王から溺愛されている事からエルダに喧嘩を売る行為は王への侮辱に近しいので、簡単に手を出せなかった。


「未だに納得していないものが多いのです。馬鹿な輩が結婚式前に妙な気を起させないようにしなくてはなりませんわ」

「ご配慮いただきありがとうございます」

「それに私に母代わりの役目を任せてくれた彼には感謝してますのよ。息子はこの通りの甲斐性無しですし」


視線を逸らせるヴィクトールは何も言えなかった。


「結婚式までの間、作法は私にお任せください。大事な侯爵夫人なのですから」

「よろしくお願いします」


少しばかりプレッシャーを感じながらも結婚式までの期間は花嫁修業の指導を行われるのだった。

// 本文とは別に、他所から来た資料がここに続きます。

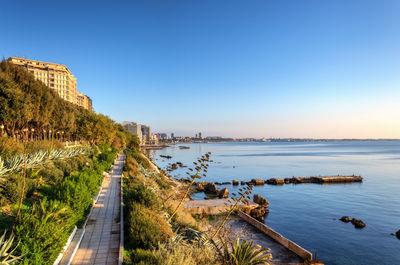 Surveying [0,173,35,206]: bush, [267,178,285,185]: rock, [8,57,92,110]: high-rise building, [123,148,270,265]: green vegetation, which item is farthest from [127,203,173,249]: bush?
[8,57,92,110]: high-rise building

その指導は扱きに近く、我慢強いフレデリカも心折れそうになるほど厳しかった。


「本が崩れてますわよ!美しく軽やかに、滑るように!」

「はっ…はい!」

「視線を下げるのでありません。侯爵夫人たるもの常に気品と威厳を持ちなさい!」


かなりのスパルタだった。

「うわぁー、鬼だ。悪魔だ」

実の母の恐ろしい程のスパルタ教育はヴィクトールもトラウマになっていたが、マナーレッスンは礼儀作法だけでとどまらず、剣術、馬術にまでも仕込まれていた。